Regarding MERS, a recent Appellant Court decision in CA, Gomes v Countrywide, has pretty much solved that issue.  MERS was upheld to be a legitimate Agent for lenders.  MERS can foreclose since in the Deed of Trust, the homeowner grants MERS the right to foreclose, and that there is no need to Prove the Note.  Now, a homeowner can only try to go to BK Court to fight MERS, and that is proving difficult.  (You should see the homeowners who are arguing that the decision doesn't mean a thing in CA.  And the arguments are pathetic.)

Robo-signing is another false argument.  I have seen the corporate resolutions that allow these persons to sign, and cannot find fault with them.  Yes, there is a problem with "lack of actual knowledge", but in CA, that is not required.  As well, by the time the documents are signed, the file has been reviewed at least three times for accuracy. 

Rarely, a foreclosure will be claimed to be unlawful because the borrower was not in default, but I have yet to see one.  Anyway, I would not accept that it was unlawful unless I reviewed the documents myself.  Believe it or not, homeowners and their attorneys do lie.

An interesting case out of Alabama in the trial courts has ruled that a homeowner cannot argue Securitization and New York Trust law. The problem was that the homeowner was a Third Party Beneficiary, which is an accurate read on the situation.  Of course, it is not applicable jurisdictionally in other states.  But, the arguments can easily be applied in other states.  Again, homeowner advocates are saying that this ruling is flawed.

The argument that was being attempted was that under New York Trust Law, there is a specific procedure for the Note to be assigned to the Trust.  It had to be in the Trust by the Closing Date of the Trust.  The argument was that since the Deed had not yet been assigned, then the Note was not in the Trust, and therefore no legal standing to foreclose existed.

These type arguments ignore certain factors.  Assignments may be in recordable or non-recordable form.  In non-recordable form, under UCC Code, simply transferring the Note, would also transfer the Deed.  Courts have ruled on this often, though certain states like MA may say that the Deed follows the Note instead of the former.  Part of the Ibanez decision in MA spoke about that.

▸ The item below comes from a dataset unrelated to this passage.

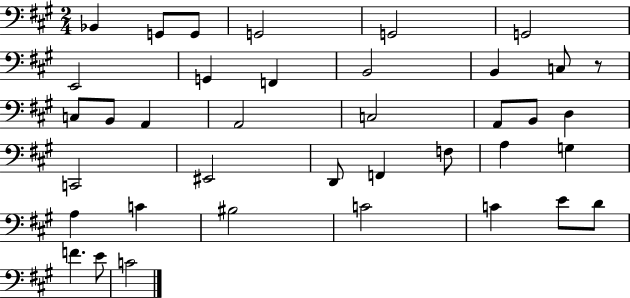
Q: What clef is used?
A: bass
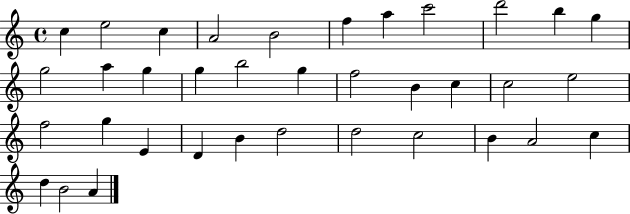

Ibanez also referred to another way to prove transfer of the Note into the Trust.  That was to show "intent" by using the Pooling and Servicing Agreement, the Mortgage Loan Schedule, and the Trustee Acceptance Letter.  Of course, this type of procedure is ignored by Morgenson and others.

Many may hear attorneys and others talk about actions to "Quiet Title".  Quiet Title means that the Note is voided. This is the goal of every homeowner action.  The homeowner want to get the home for free, though they will deny it.  So when you here Legal Standing, just know that the homeowner has no intention of paying his debt, and instead wants to "welch" out of it.

I will be setting up a separate thread here so that people can specifically ask questions, etc. and I can clear up misconceptions.  I will attempt to provide unbiased review of the issues, and offer recommendations.  Furthermore, I will try and explain what is the future of housing at this time, and what we can expect.